The QMN Weekly Bulletin
Medical Devices / Inspections and Audits

Southwest Technologies Fails to Report Serious Adverse Events

May 18, 2018

An FDA inspection of Southwest Technologies’ Kansas City, Missouri-based facility in February and March uncovered 13 observations, most relating to quality system failures and failure to track nonconforming products and submit Medical Device Reports.

The manufacturer of sterile wound dressings received two reports of frostbite in association with its hypothermia caps, mittens and slippers, but the events were not documented and MDR reports were not submitted even though one patient reportedly lost three fingers, the Form 483 said.

The firm’s sterilization validation for stimulen collagen wound dressings did not meet acceptance criteria, and the verification study method did not include provisions for retesting of samples, the FDA said. 

The FDA discovered that the firm had not established design control procedures, and a device master record was not maintained. Procedures and specifications for manufacturing were not established for any of the firm’s medical devices.

The facility also failed to document corrective and preventive actions activities. For example, CAPAs were not opened during 2015 and 2016, even though the firm withdrew products from the market and instituted a full quality management system reboot in 2015.
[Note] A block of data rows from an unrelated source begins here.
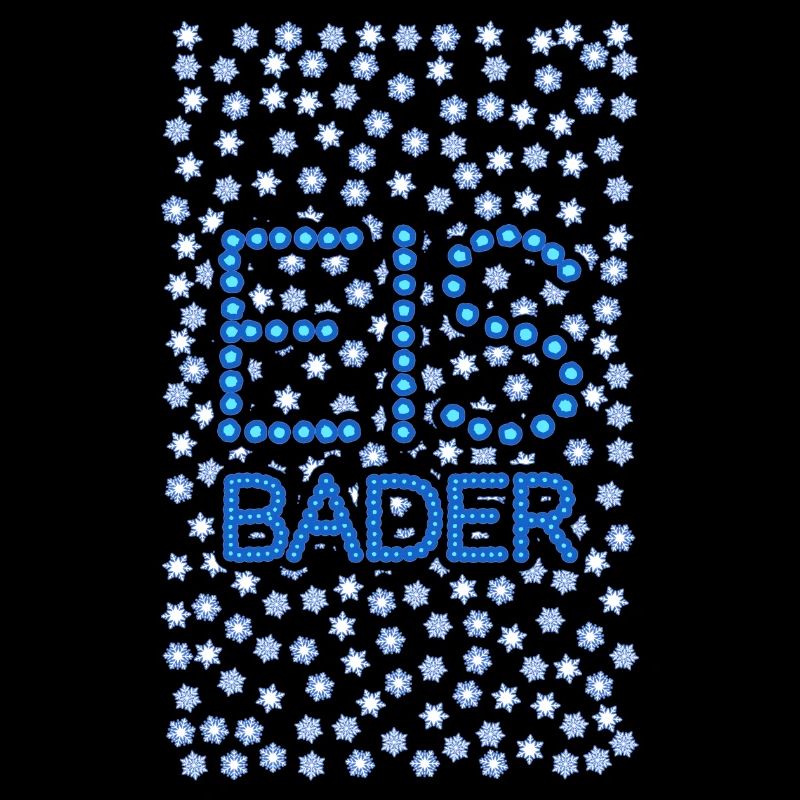 Eisbader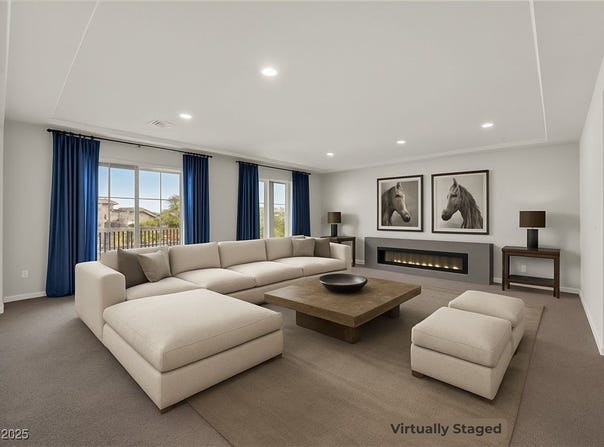 6507 Creekside Cellars Court, Las Vegas, NV 89139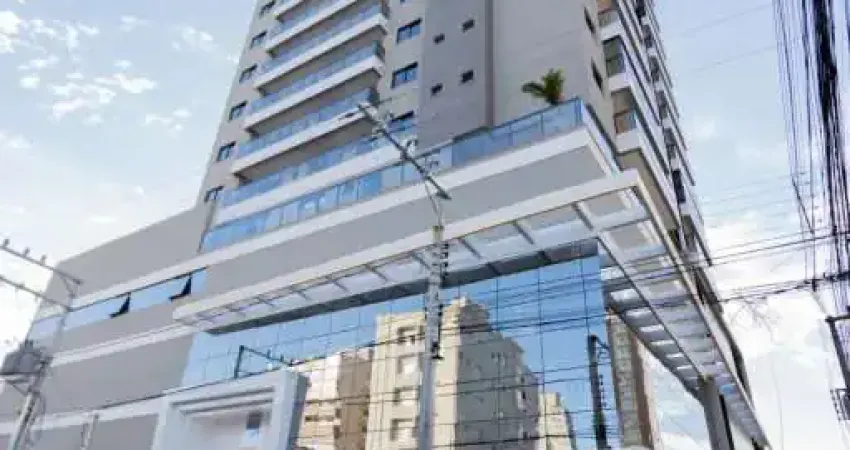 Apartamento com 3 quartos à venda na 3ª Avenida, 580, Meia Praia, Itapema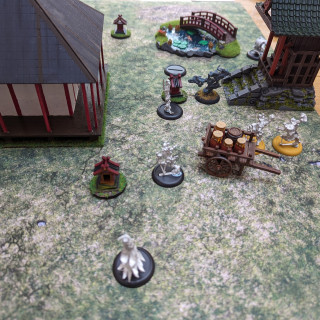 Battle Report No. 8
Procedures to control nonconforming products were not established, the investigator said, and management reviews were not performed from July 15 to December 2017. The company had not appointed a management representative to oversee quality system activities, and it failed to document training activities.

The manufacturer also fell short in controlling environmental conditions. The firm’s cleanroom was cleaned in response to fungus and bacteria positives reported by an outside vendor during a laboratory safety and controlled environment test on Dec. 18, 2017. But the cleaning activities were not documented.

Finally, the firm had not established procedures for identifying product during all stages of receipt, production, distribution and installation, the FDA said, noting that there was no written procedure for generating finished product lot codes.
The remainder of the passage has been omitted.